The waters of Bash Bish Falls begin at a spring in Mount Washington and after the falls, Bash Bish Brook continues on a gentler course through New York State until joining the Hudson River and flows through Copake. The waterfall is at the mouth of a gorge formed during the last ice age. At the rear of the gorge, opposite the waterfall, is a 194 feet (59 m) sheer rock wall.
There are two access points for viewing Bash Bish Falls and one additional via a hiking trail network, both of the two on Falls Road in Mount Washington, Massachusetts. Falls Road is the continuation in Massachusetts of New York State Route 344. There are both upper and lower access points with views of the falls on the road. The hiking trail access is a short steep trail (blue blazed) off of the South Taconic Trail, and unlike the other 2 accessed the falls from the south side.

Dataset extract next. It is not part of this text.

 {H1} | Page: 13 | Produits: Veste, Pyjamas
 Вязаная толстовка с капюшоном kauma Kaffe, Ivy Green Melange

From the top of the waterfalls, known as the "Summit", one has a clear view across Massachusetts into New York State. Recently the Massachusetts Department of Conservation and Recreation installed railings to prevent falls, which have been common from that location. More than 25 deaths have occurred at the Falls in the past century. Some were due to drowning, but most were due to rock climbing or rock jumping. This is a very dangerous area as pools are shallow, and swimming is not allowed. In October 2009, AOL Travel named Bash Bish Falls as one of the "Most Dangerous Tourist Attractions" in the U.S. and in 2010 AOL travel again named it one of the ten "most dangerous travel" destinations this time in the world.
Bash Bish Falls State Park is located next to both Massachusetts' 4,000-acre (16 km2) Mount Washington State Forest and New York's 5,000 acres (20 km2) Taconic State Park.